I musei civici accolgono gratuitamente i visitatori con i capolavori delle collezioni permanenti e le numerose mostre temporanee in corso. Ai musei Capitolini il progetto espositivo multimediale “L’eredità di Cesare e la conquista del tempo”, nella Sala della lupa e dei Fasti antichi, narra la storia di Roma dalle sue origini agli albori dell’età imperiale grazie alla multimedialità; nell’Esedra di Marco Aurelio, la mano del colosso bronzeo di Costantino è stata ricomposta con il frammento ritrovato del dito in bronzo proveniente dal museo del Louvre www.museicapitolini.org.

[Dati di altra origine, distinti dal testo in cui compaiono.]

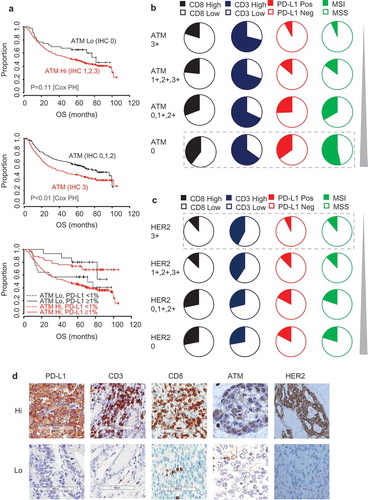 Figure 3. ATM-low and HER2-high segments are mutually exclusive and differ in their immune profile.(a) Kaplan-Meier estimates of overall survival (OS) according to ATM and PD-L1 TC stratification. Pie charts depict the frequency of patients with High and Low CD8, CD3 and PD-L1 TC densities and MSI status in (b) ATM and (c) HER2 populations. (d) Representative images for high and low examples of PD-L1, CD3, CD8, ATM and HER2. The cut-offs used were PD-L1 TC (≥ 1%), CD3 (500 cells/mm2) and CD8 (600 cells/mm2). Data were statistically analysed by Cox Proportional Hazards (*P < 0.05, **P < 0.01, ***P < 0.001).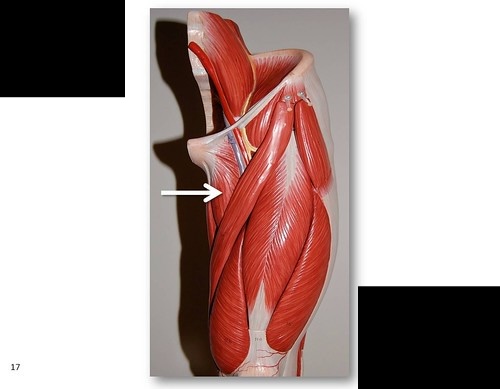 <p>What muscle is this?****</p>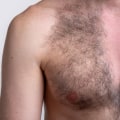 Are Laser Hair Removal Treatments Safe in the Long-Term? A Comprehensive Guide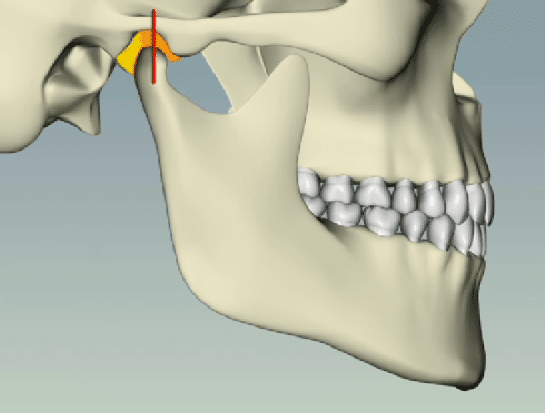 Tmj Tmd Stable Bite | Bellingham Dentist | Dental Implants | Northside Dental Care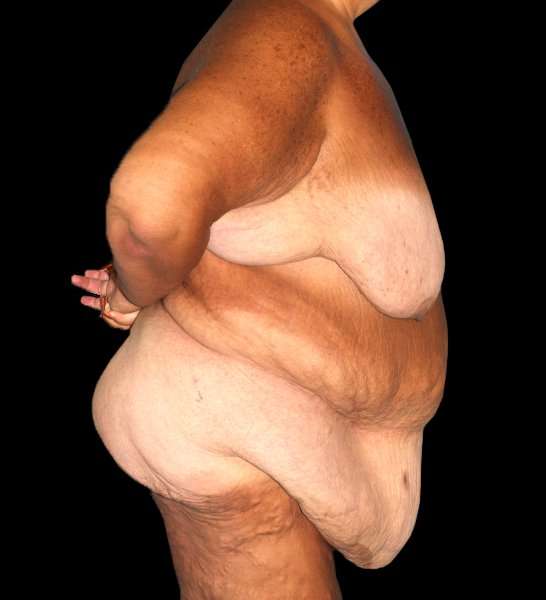 Fleur De Lis Circumferential Body Lift Before & After Patient #2674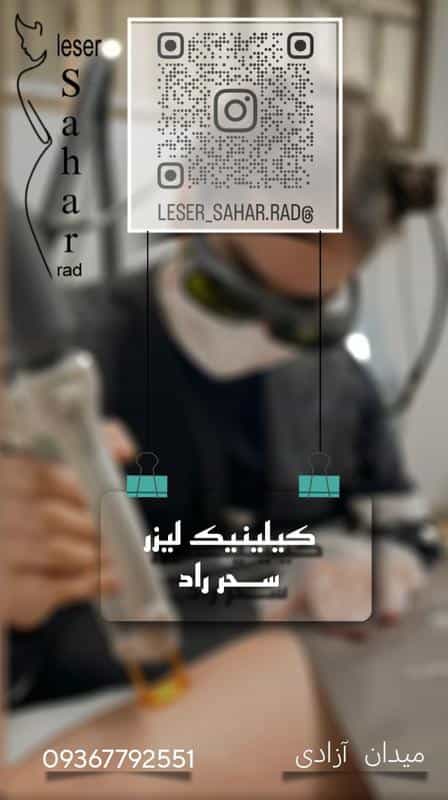 عکس لیزر سحر راد در اصفهان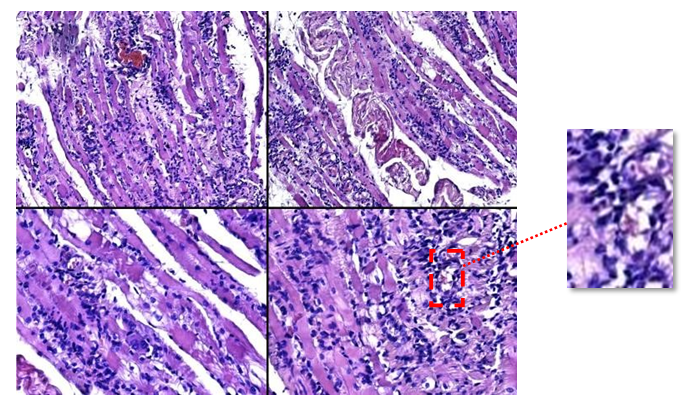 Figure 2: Haematoxylin-eosin staining of internal orbital muscle, endomysial inflammatory infiltrate.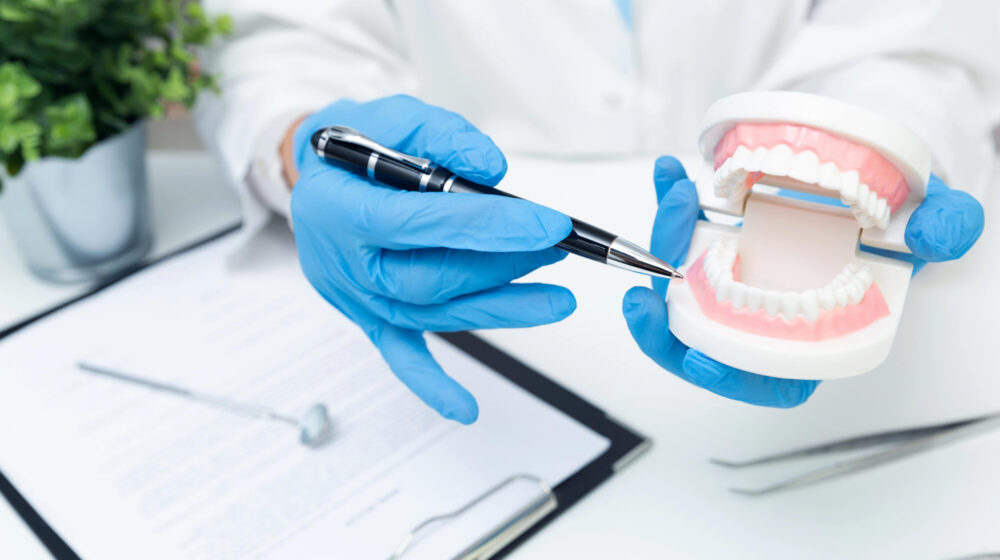 Composite Veneers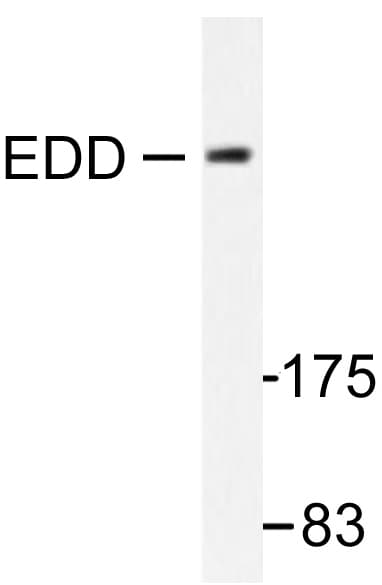 UBR5 Antibody (Thr14)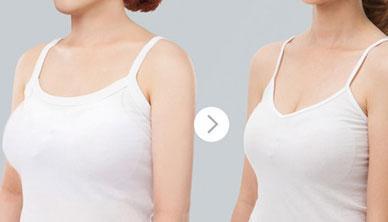 重慶細(xì)胞激光去細(xì)紋治療價(jià)錢一覽表預(yù)覽(重慶三峽中心醫(yī)院頜面外科細(xì)胞激光去細(xì)紋參考價(jià)：3209元)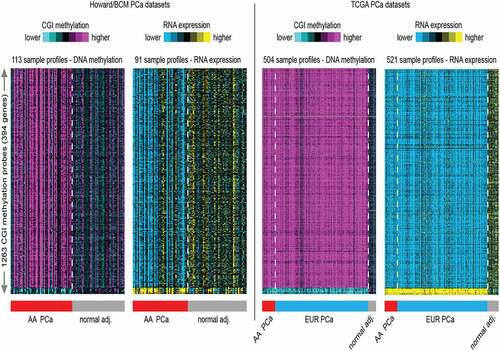 Figure 2. Heat map generated from hierarchical clustering analysis of the top 1263 CGI probes most variable CpG islands across all samples in the genome-wide methylation analysis and correlated with RNA expression profiles. A. The AA dataset consists of 63 PCa and 50 normal adjacent (adj.) prostate tissue DNA used in the methylation analysis and 96 RNA samples (matched PCa and normal adj. tissues) used in the transcription analysis. B. The TCGA methylation dataset consists of 504 prostate tissues used in the genome-wide DNA methylation analysis. This is made up of 58 AA PCa and 3 AA normal prostate tissues, and 412 EUR PCa and 31 EUR normal prostate tissues. The TCGA RNA expression consists of 521 prostate tissue RNA samples. This is made up of from 58 AA PCa and 7 AA normal prostate tissues, and 412 EUR PCa and 44 EUR normal tissues.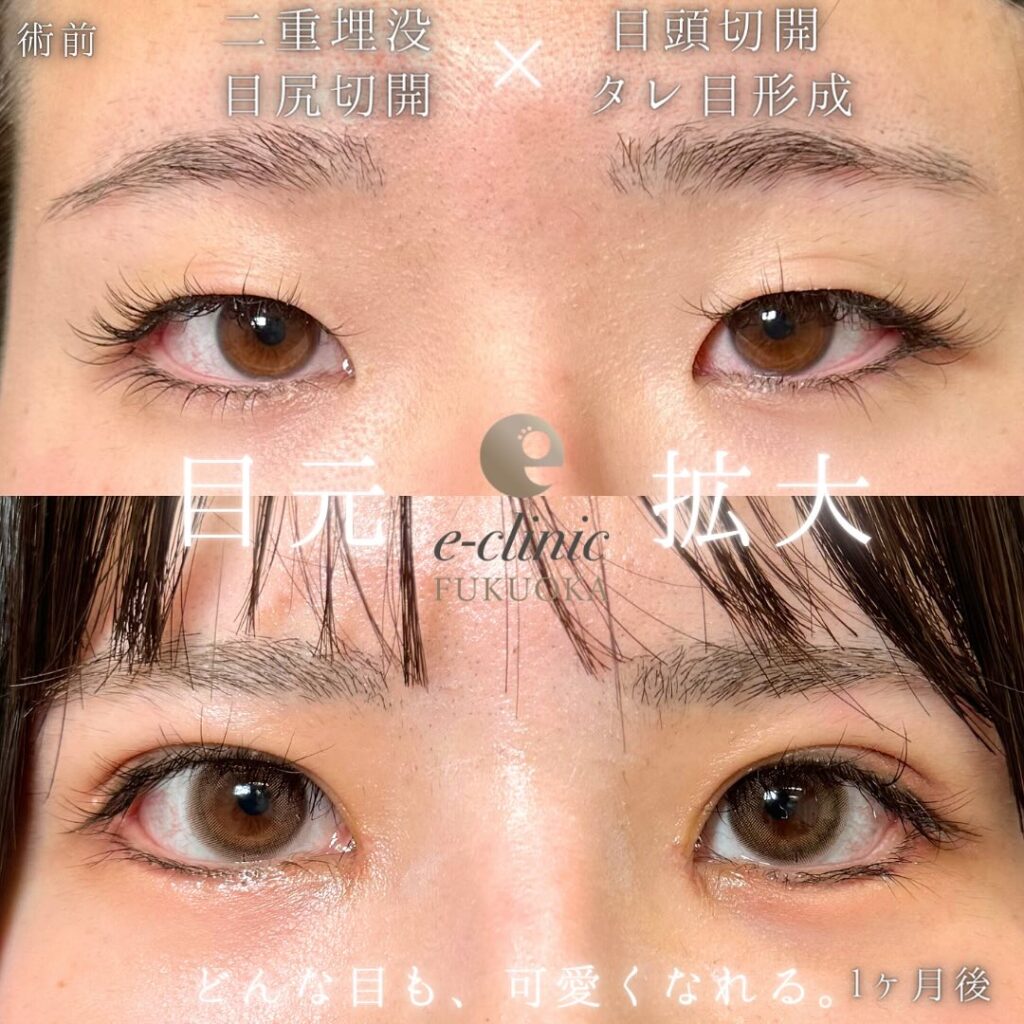 埋没法と目頭切開と目尻切開とタレ目形成の症例写真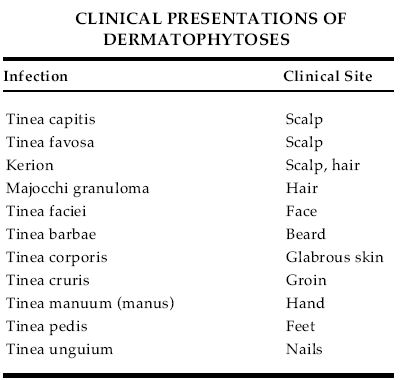 clinical presentaion of dermatophytes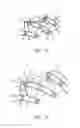 Fig. 14 - Methods and devices for the prevention of incisional surgical site infections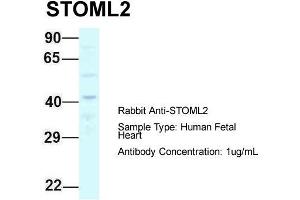 Host: Rabbit  Target Name: STOML2  Sample Tissue: Human Fetal Heart  Antibody Dilution: 1. (STOML2 anticorps  (C-Term))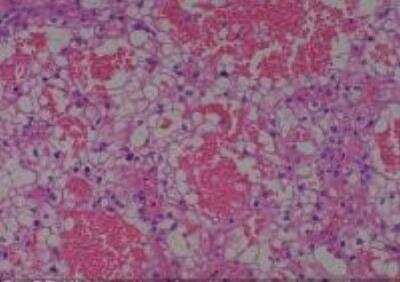 Hematoxylin & Eosin Stain: Human Kidney Tissue MicroArray (Cancer) [NBP2-30220] -  35. Kidney renal cell carcinoma, clear cell type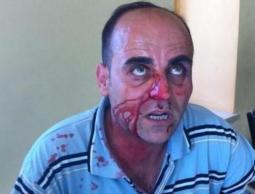 الأورومتوسطي يطالب بتحقيق عاجل في قتل الناشط نزار بنات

La mostra “Napoleone e il mito di Roma”, ai Mercati di Traiano – Musei dei Fori imperiali, è dedicata all’attività di scavo di Napoleone a Roma ed è legata al bicentenario della sua morte e alle ultime indagini archeologiche nell’area dei Fori Imperiali www.mercatiditraiano.it. Un’ampia selezione di mosaici, capolavori delle collezioni capitoline poco conosciuti al grande pubblico, è invece esposta in “Colori dei romani. I mosaici dalle collezioni capitoline” alla Centrale Montemartini www.centralemontemartini.org.

Il suggestivo allestimento della mostra “I Marmi Torlonia. Collezionare capolavori” curata da Salvatore Settis e Carlo Gasparri (foto Fondazione Torlonia – Bvlgari – Electa)

Fanno eccezione alla gratuità le mostre: “Koudelka. Radici”, al museo dell’Ara Pacis, con oltre cento spettacolari immagini di più di cento siti archeologici del Mediterraneo; “Roma. Nascita di una capitale 1870 -1915”, al Museo di Roma, che presenta i grandi eventi dal 1870 fino agli anni del primo conflitto mondiale attraverso opere d’arte, dipinti, sculture, fotografie, materiali documentali e filmici; “I marmi Torlonia. Collezionare capolavori”, ai Musei Capitolini – Villa Caffarelli, con oltre 90 opere selezionate tra i 620 marmi catalogati e appartenenti alla collezione Torlonia, la più prestigiosa collezione privata di sculture antiche. A queste tre mostre è consentito l’ingresso con biglietto ridotto ai possessori della MIC Card. Tutte le informazioni e gli aggiornamenti si potranno seguire su www.museiincomuneroma.it e culture.roma.it e sui canali social di Roma Culture, del Sistema Musei e della Sovrintendenza Capitolina.